Auch auf Social Media und bei den Google Trends waren Pflanzen auffallend populär. Eine kleine Umfrage im Bekanntenkreis bestätigte diesen Eindruck. «Pflanzen sind toll, nur sterben sie leider immer viel zu rasch» – diese Antwort bekam Jakelj immer wieder.
Der Pflanzenfinder hilft bei der Auswahl
Ein Glück, dass sein Bruder Janko Jakelj, gelernter Landschaftsgärtner mit Meisterprüfung, mit der Materie vertraut war und wusste: Wenn man die haarsträubendsten Fehler vermeidet, haben auch Zimmerpflanzen eine lange Lebensdauer. «Das Problem ist, dass Pflanzen oft beim Grossverteiler ab Stange verkauft werden, als wären sie tote Materie und kein Lebewesen», sagt Sven Jakelj.

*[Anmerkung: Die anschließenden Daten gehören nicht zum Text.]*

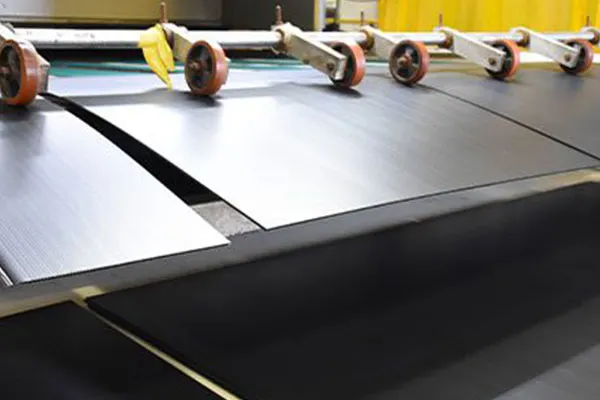 Professional edge finishing and polishing services for acrylic and plastic materials
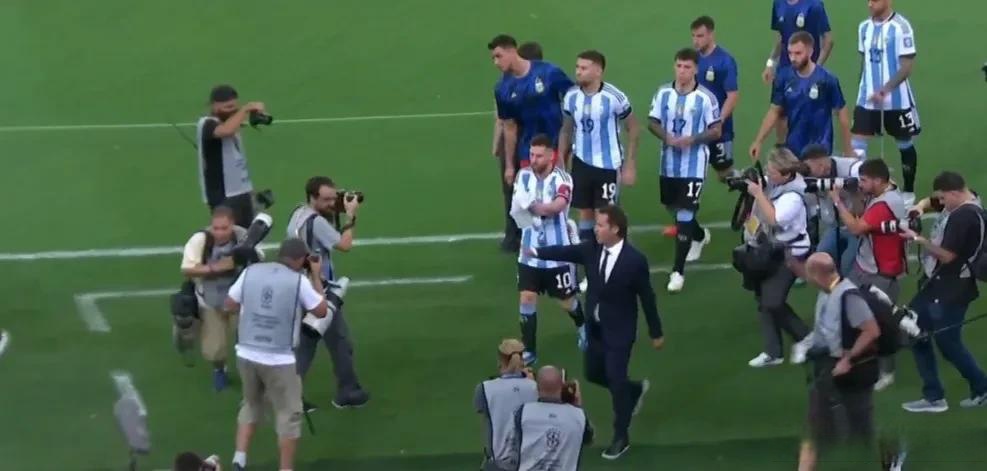 关于国家队胜负难分,球场火爆对抗的信息 关于国家队胜负难分,球场火爆对抗的信息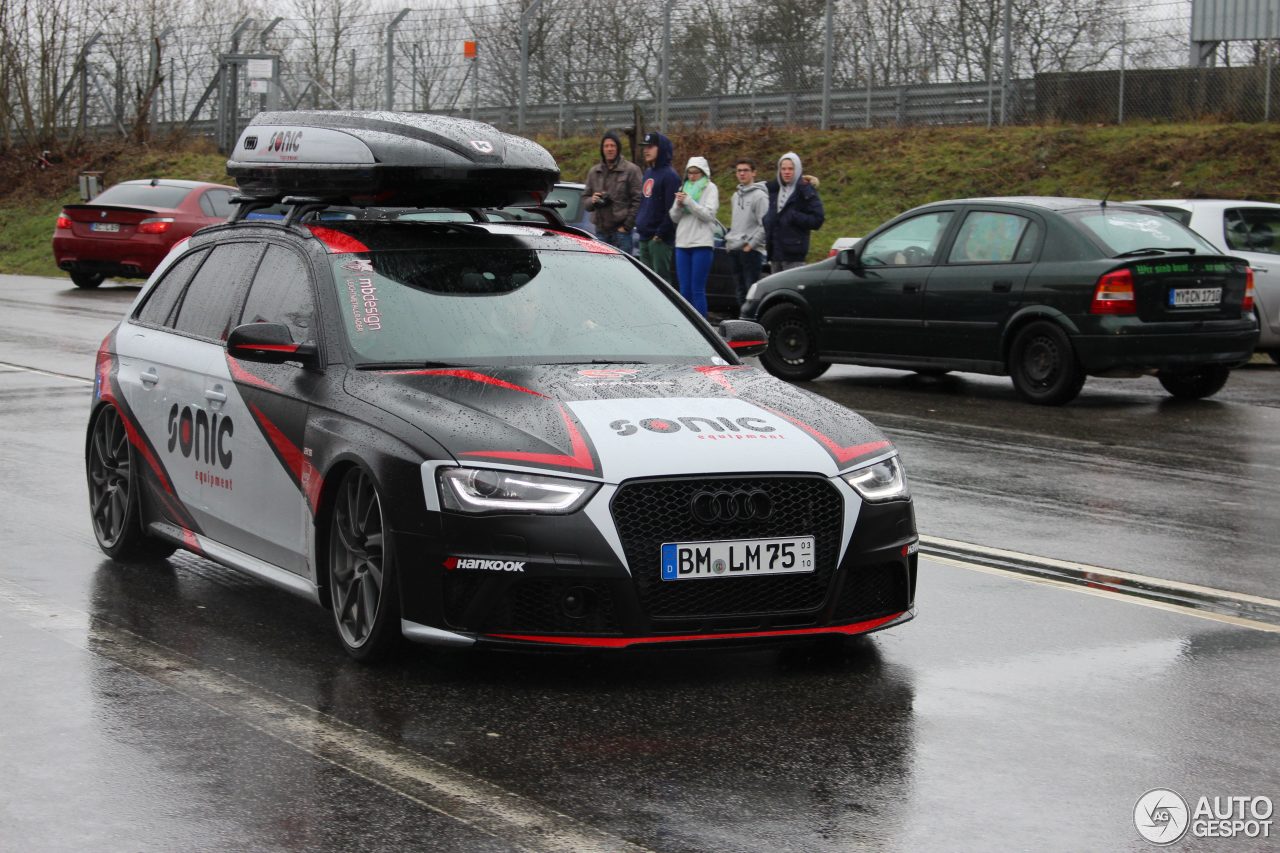 Audi RS4 Avant B8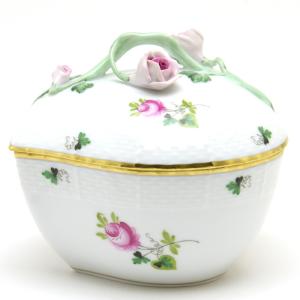 ヘレンド（HEREND） ハート形小物入れ(M)(高さ:9cm)薔薇と枝の飾り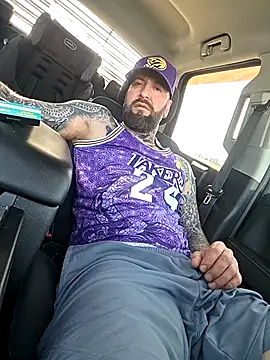 Beardedtattood's Live XXX Chat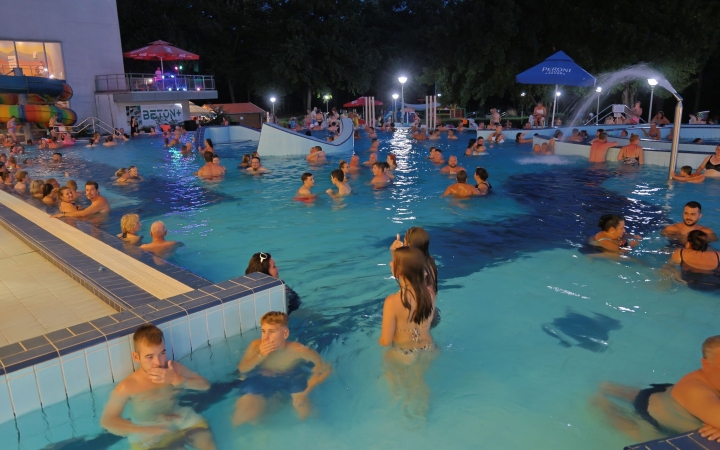 Holdfényfürdő után Csillaglest szerveznek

Deshalb ging Feey von Anfang an neue Wege: Jede Pflanze – 80 Prozent davon stammen aus Holland – wird vor dem Verkauf umgetopft, auf Schädlinge überprüft und in einen passenden Aussentopf gesetzt. Die Kundschaft wird auf der Website durch ein spezielles Programm darin unterstützt, die passende Pflanze zu finden: Hat jemand viel Erfahrung, viel Zeit und helle Räume? Oder sprechen die Umstände eher für eine Pflanze, die auch ohne Licht und tägliches Giessen gedeiht?
«Durch die Digitalisierung gibt es so viele neue Möglichkeiten, die in unserer Branche noch kaum ausgeschöpft werden.»
Der Pflanzenfinder registriert die Ausgangslage und erleichtert die Auswahl. Wenn danach trotz sorgfältiger Auswahl und Instruktion Probleme auftreten, hilft der Pflanzendoktor weiter. Wer sein Problem mit einer bestimmten Pflanze online beschreibt, erhält individuelle Hilfe vom Profi, teilweise unterstützt durch Erklärvideos.
Weiter bietet Feey auch Zimmerpflanzenkurse per Mail und eine Tauschbörse als App an und schliesslich auch die Möglichkeit, in einer 3-D-Simulation Pflanzen versuchsweise in den eigenen Räumlichkeiten zu platzieren. «Durch die Digitalisierung gibt es so viele neue Möglichkeiten, die in unserer Branche noch kaum ausgeschöpft werden», sagt Sven Jakelj.
Preise ab 49 Franken
Natürlich hat das Rundumpaket seinen Preis. Die meisten Zimmerpflanzen kosteten zwischen 49 und 99 Franken, sagt der Unternehmer, grössere oder sehr seltene Exemplare bis zu 250 Franken. Das sei deutlich mehr als im Grosshandel, aber gemessen an der persönlichen Beratung auch nach dem Verkauf und am emotionalen Gewinn durch schönere Wohnungen nicht teuer, findet Jakelj.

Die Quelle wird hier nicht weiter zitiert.